U.S. doctors found that long Covid developed in 70 percent of cases after vax injection, not after infection

DETAILS

Inadequate support: The claim that most cases of long COVID occur after vaccination, not infection, is based on poorly described anecdotes that dont provide sufficient evidence to support the claim. The preprint cited also didnt show how common these symptoms are or whether COVID-19 vaccination caused them.

KEY TAKE AWAY

Some people have reported symptoms resembling long COVID after COVID-19 vaccination. Research on these symptoms is still limited, and their potential link with COVID-19 vaccines remains undetermined. However, these cases are rare, and the risk associated with SARS-CoV-2 infection far outweighs the risk of developing long-term complications after COVID-19 vaccination. Studies are ongoing to better understand the cause of post-vaccination symptoms and their possible relationship with COVID-19 vaccines.

The original post, published on the Telegram channel Disclose.tv, had received over 200,000 views at the time of writing. The post linked to a website with the same name that reproduced an op-ed by physicians Pierre Kory and Paul Marik published in The Hill on 6 March 2024.

Disclose.tv is a Germany-based outlet that operates as a news aggregator.
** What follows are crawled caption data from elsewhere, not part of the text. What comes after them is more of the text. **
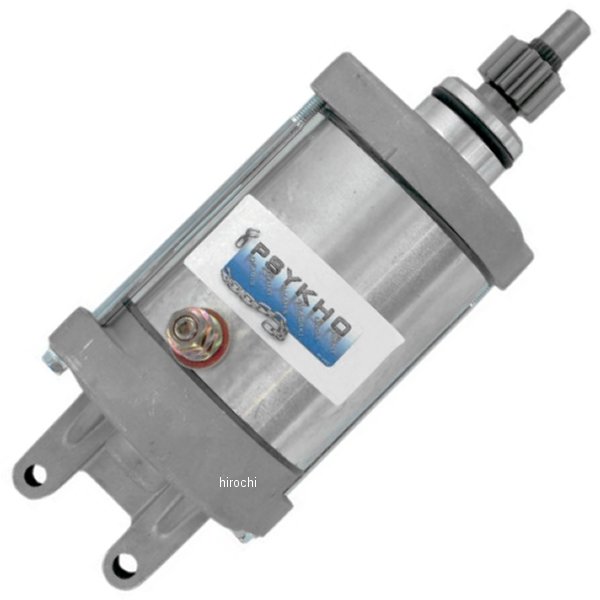 サイコ  スターター セルモーター 01年-05年 ヤマハ YFM660R Raptor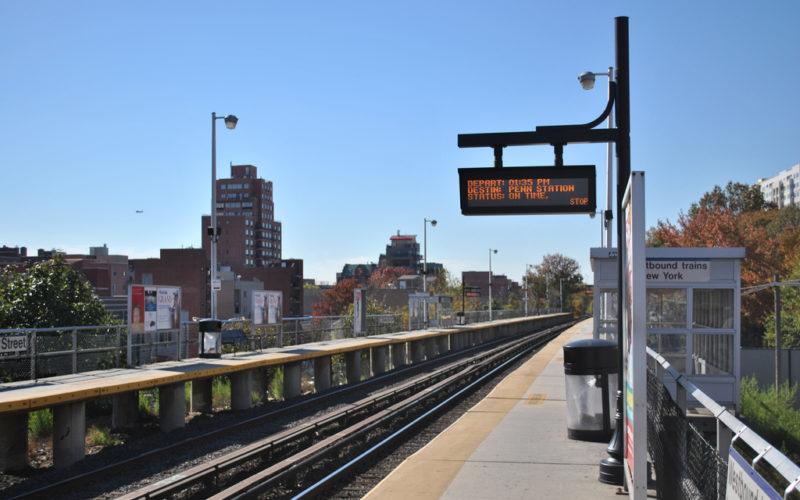 Image for: Make Gold-Plated LIRR Project Work For NYC Neighborhoods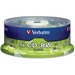 Verbatim 4x CD-RW Media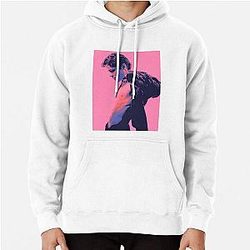 Omar Rudberg Sexy Pop Icon Pullover Hoodie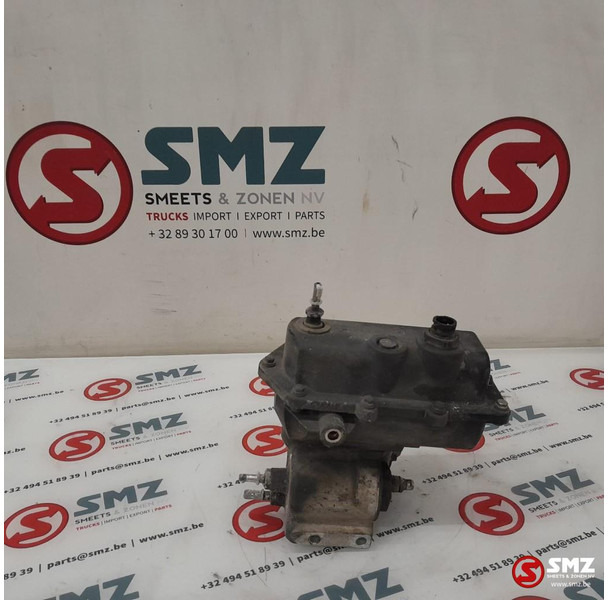 Mercedes-Benz Occ AdBluepomp Mercedes - Fuel processing/ Fuel delivery for Truck: picture 1 Mercedes-Benz Occ AdBluepomp Mercedes - Fuel processing/ Fuel delivery for Truck: picture 1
According to an investigation by Logically, the site originated from a forum focused on conspiracy theories.

The website itself no longer seems to publish overt conspiracies. However, Logically and Deutsche Welle (DW) News found that Disclose.tv continues to share conspiracy theories, pseudoscience, and hate content through its social media accounts, which have around five million followers. In 2017, PolitiFact included Disclose.tv in its list of websites containing deliberately false or fake stories.

Kory and Marik are the president and chief scientific officer, respectively, of the fringe medical group Front Line COVID-19 Critical Care (FLCCC) Alliance. This group extensively promoted the use of ivermectin off-label to prevent and treat COVID-19 despite a lack of evidence supporting this use.
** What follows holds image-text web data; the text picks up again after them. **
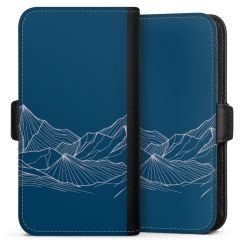 Premium Sideflip schwarz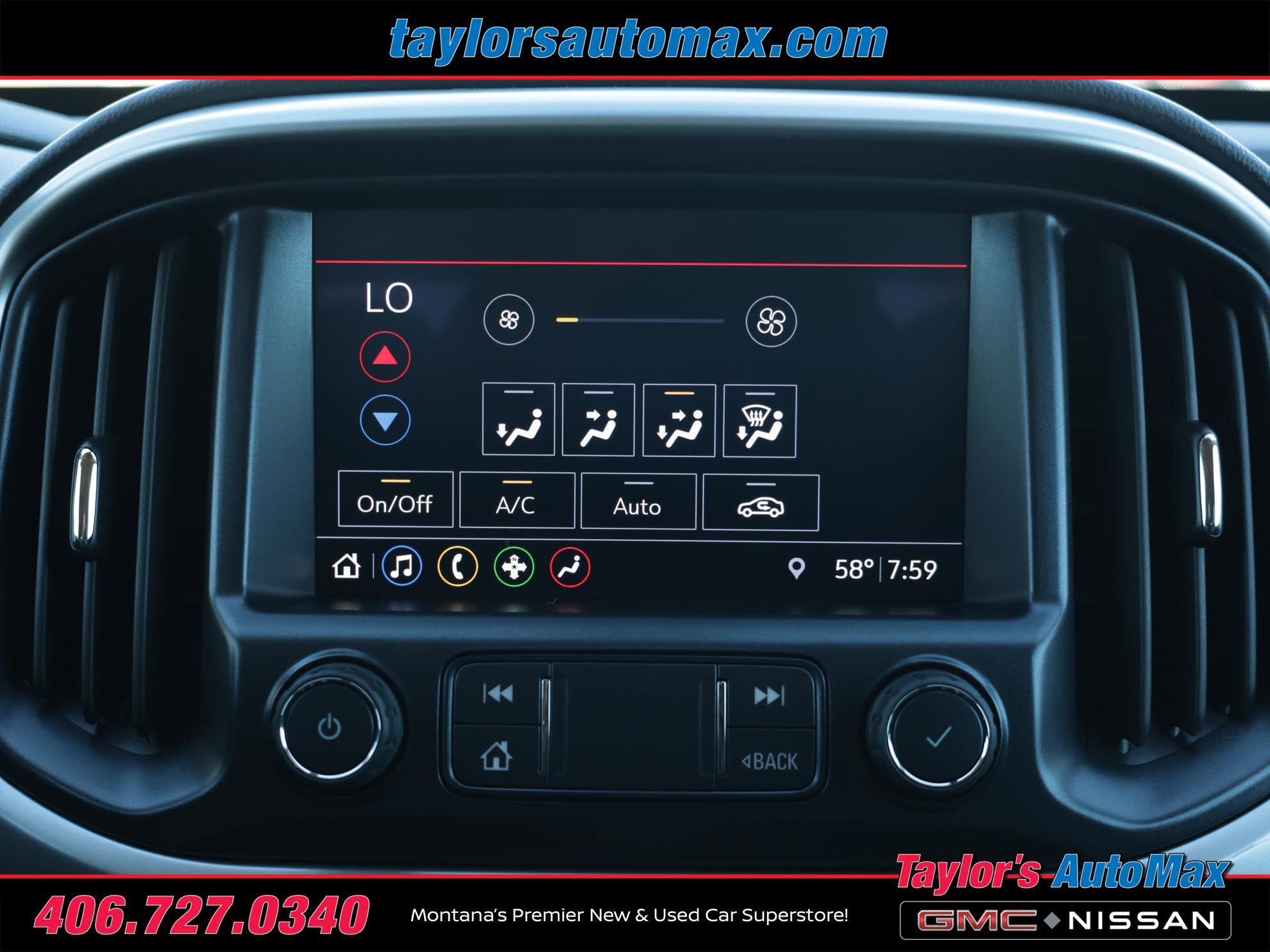 Used 2022 Chevrolet Colorado ZR2 AWD/4WD image 16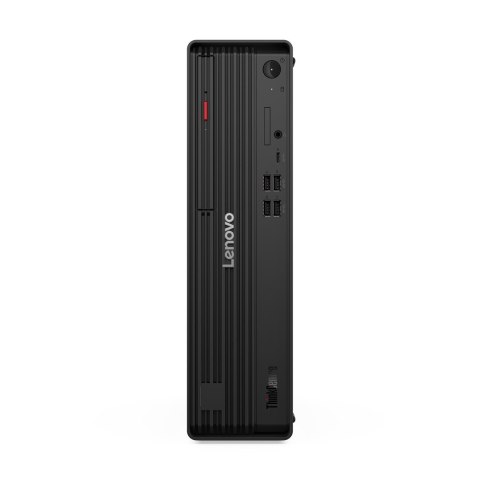 Lenovo Lenovo ThinkCentre M90s Gen 6 Intel Core Ultra 7 265 32 GB DDR5-SDRAM 512 GB SSD Windows 11 Pro SFF PC Czarny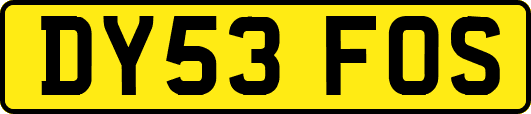 DY53FOS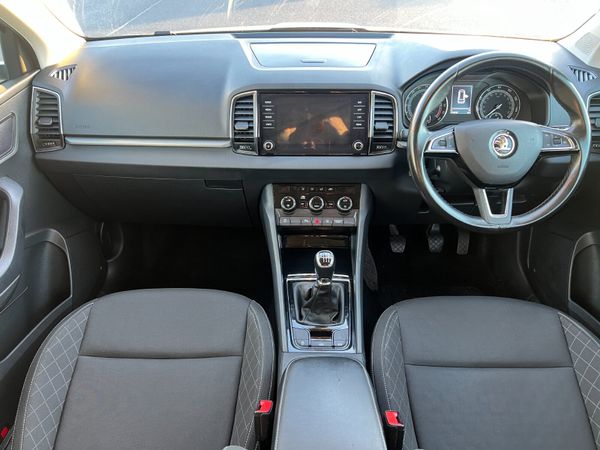 2020 (202) Skoda Karoq SE Tech 1.6 TDI 372977749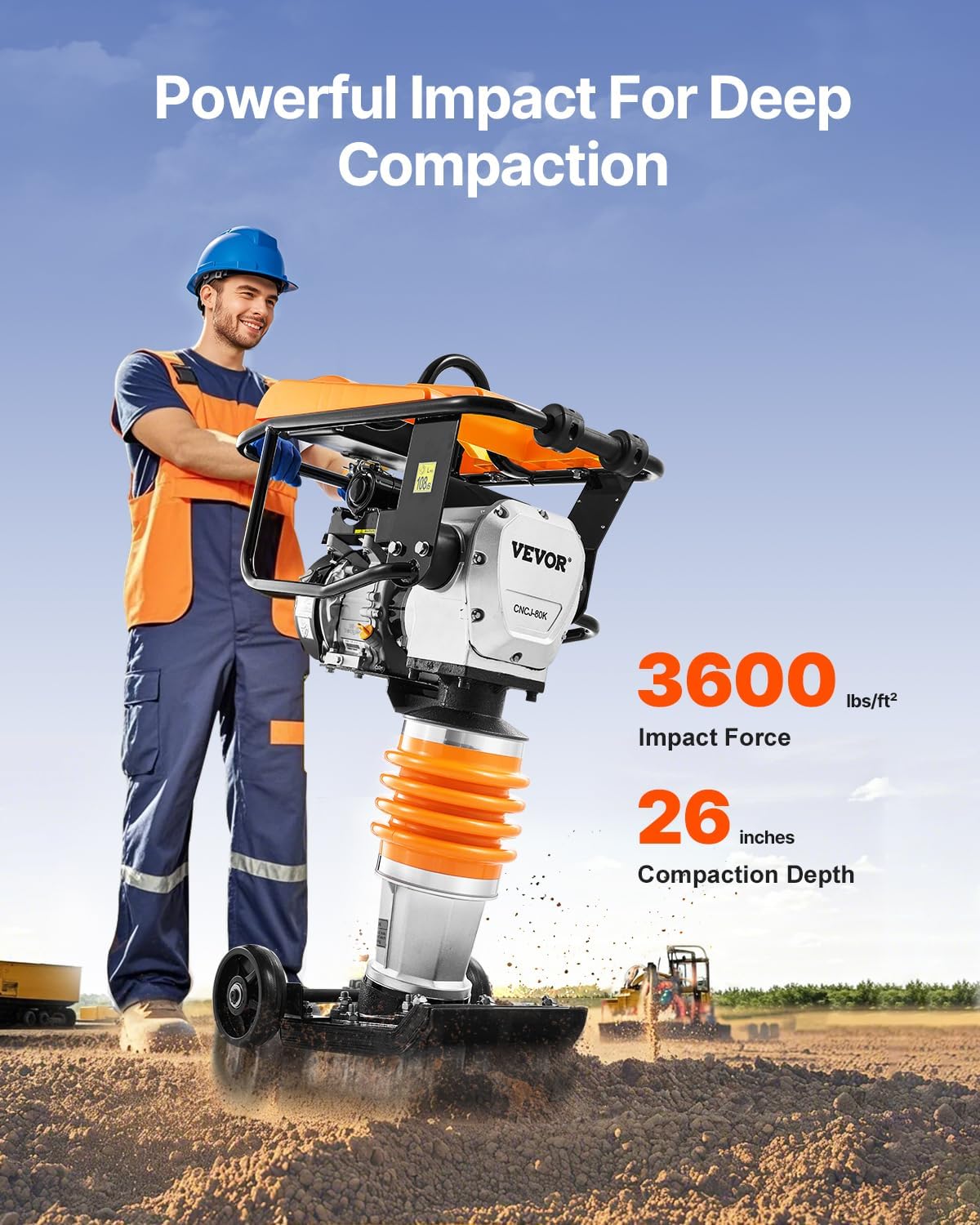 VEVOR jumping jack compactor review,VEVOR jumping jack compactor review and rating,is VEVOR jumping jack compactor worth buying,VEVOR jumping jack compactor review pros cons,VEVOR jumping jack compactor review honest opinion,VEVOR jumping jack compactor review verdict real-world performance test results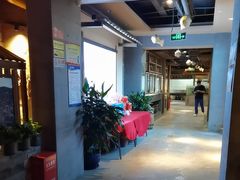 -丹江渔村(首都机场店)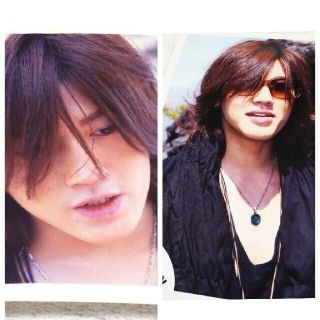 赤西仁 仁 公式写真 ジャニーズの通販 by もくもくSHOP｜ラクマ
FLCCC Alliance has also promoted other unproven therapies, like nattokinase, for treating long COVID and post-vaccination symptoms.

As we will demonstrate below, Kory and Mariks op-ed is yet another example of such unsupported claims. The op-ed doesnt provide credible evidence indicating that COVID-19 vaccination is behind most cases of long COVID. Instead, the authors relied on unverifiable anecdotes that cant support their claim, as we will show below.

Cases of post-vaccination symptoms resembling long COVID have been reported to the U.S. Vaccine Adverse Event Reporting System (VAERS). However, studies suggest they are rare and far less common than cases of long COVID after infection, as this review will explain.

The op-ed claimed that, after evaluating over 1,000 individuals with long COVID, [a]pproximately 70 percent of these patients said their reported symptoms occurred in the minutes, hours, days and weeks after COVID vaccination, as opposed to after COVID infection.

The authors based the 70% figure on data from a private practitioner who is also a member of the fringe medical group FLCCC Alliance. The op-ed didnt include any explanation about the methodology used to calculate the 70% figure. This is important, as it provides the necessary information to assess the validity of the results. In addition, other issues make the 70% figure unreliable.

First, the fact that these symptoms began after vaccination alone isnt enough to demonstrate that the vaccine caused them, despite what the op-ed seemed to imply. A temporal association, while a necessary component for determining if there is a causal effect, is only the first step and requires further investigations.

Second, the figure is based exclusively on the patients perceptions of symptoms developed after they received a COVID-19 vaccine. There is no indication that the evaluation included analyses or tests that objectively assessed the presence and severity of these symptoms.

Finally, the op-ed didnt indicate whether the evaluation considered factors other than vaccination as a cause or contributing factor to the observed symptoms. These include, for example, a previous SARS-CoV-2 infection or the existence of underlying medical conditions.

In other words, the claim is entirely based on anecdotal descriptions of symptoms that patients self-reported from a single private practice. The problem with such data is that it is highly prone to biases, as neurologist Steven Novella explained in Science-Based Medicine.

For instance, the patients who go to that specific private practice might not be representative of the general population (selection bias), meaning the observations may not be generalizable to everyone. The fact that the observations relied on self-reporting also introduces a risk of recall bias due to the patients inaccurate or partial recollection of events. Data collected in this way is also subject to distortions (reporting bias) and biased interpretations that support either the patients or the doctors preexisting beliefs (confirmation bias).

Theres no evidence that the physician or Kory and Marik attempted to account for these potential biases in their interpretation of the data.

The high risk of bias, the lack of information about the data and methodology, and the FLCCC Alliances record of spreading misinformation cast serious doubts over the figures credibility.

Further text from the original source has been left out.